Deputy Commissioner of Income-tax

v.

WS Atking India (P.) Ltd.

N.V. VASUDEVAN, JUDICIAL MEMBER
AND ABRAHAM P. GEORGE, ACCOUNTANT MEMBER

IT APPEAL NO. 1467 (BANG.) OF 2014
[ASSESSMENT YEAR 2009-10]

MAY  8, 2015

Dr. K. Shankar Prasad for the Appellant. K.P. Srinivas, CA for the Respondent.

ORDER

N.V. Vasudevan, Judicial Member – This appeal by the assessee is against the order dated August 19, 2014 of the Commissioner of Income-tax (Appeals)-III, Bangalore relating to the assessment year 2009-10.

2. Ground No. 2 reads as follows :

“2. On the facts and in the circumstances of the case the learned Commissioner of Income-tax (Appeals) erred in law in holding that 10 per cent. of the total telecommunications expenses are to be allowed as telecommunication expenses for delivery of software outside India instead of 50 per cent., without appreciating that the Assessing Officer had given a substantial finding on this issue and the facts were same for the assessment year 2008-09.”

3. The assessee is a company engaged in the business of rendering computer software development services. The assessee is registered with the Software Technology Parks of India (STPI) and has registered office in Bangalore. The assessee was entitled to claim deduction under section 10A of the Income-tax Act, 1961. While computing deduction under section 10A, the assessee excluded from the export turnover 10 per cent. of the telecommunication expenses of Rs. 45,67,877. According to the assessee, as per the definition of “export turnover” as laid down in clause (iv) of Explanation 2 to section 10A of the Act, freight, telecommunication charges or insurance, attributable to delivery of articles or things or computer software outside India have to be excluded. According to the assessee, only 10 per cent. of the telecommunication expenses were attributable to delivery of computer software outside India and accordingly only a sum of Rs. 4,56,788 was excluded. According to the Assessing Officer, in the assessment year 2008-09, 50 per cent. of the telecommunication expenses were considered as expenses attributable to delivery of software outside India and following the same, the Assessing Officer excluded 50 per cent. of telecommunication expenses and thereby the export turnover for the purpose of computing deduction under section 10A was taken at a lower figure.

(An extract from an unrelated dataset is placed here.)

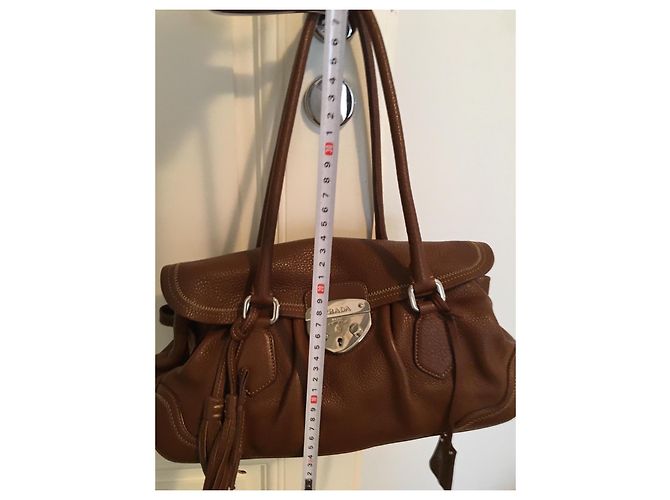 Prada Umhängetasche aus Leder Cognac Silber Hardware - Ansicht 6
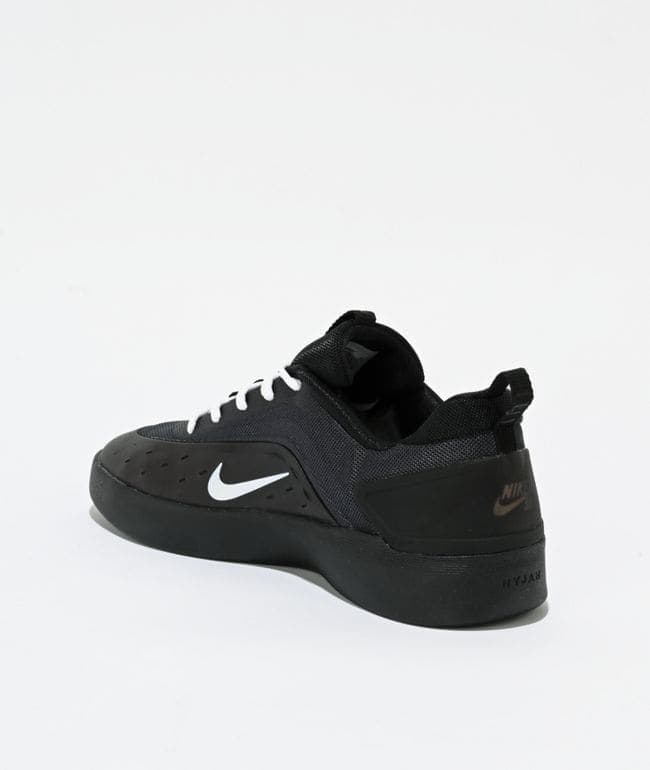 Nike SB Zoom Nyjah 4 Black & White Skate Shoes, foto 3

4. On appeal by the assessee, the Commissioner of Income-tax (Appeals) found on the basis of evidence led before him that only 10 per cent of the telecommunication expenses were to be excluded from the export turnover as attributable to delivery of computer software outside India incurred by the assessee. In this regard, the Commissioner of Income-tax (Appeals) has verified all the documents filed by the assessee to demonstrate the above position and came to the conclusion that the estimate made by the Assessing Officer was without any basis. Aggrieved by the order of the Commissioner of Income-tax (Appeals), the Revenue is in appeal before the Tribunal.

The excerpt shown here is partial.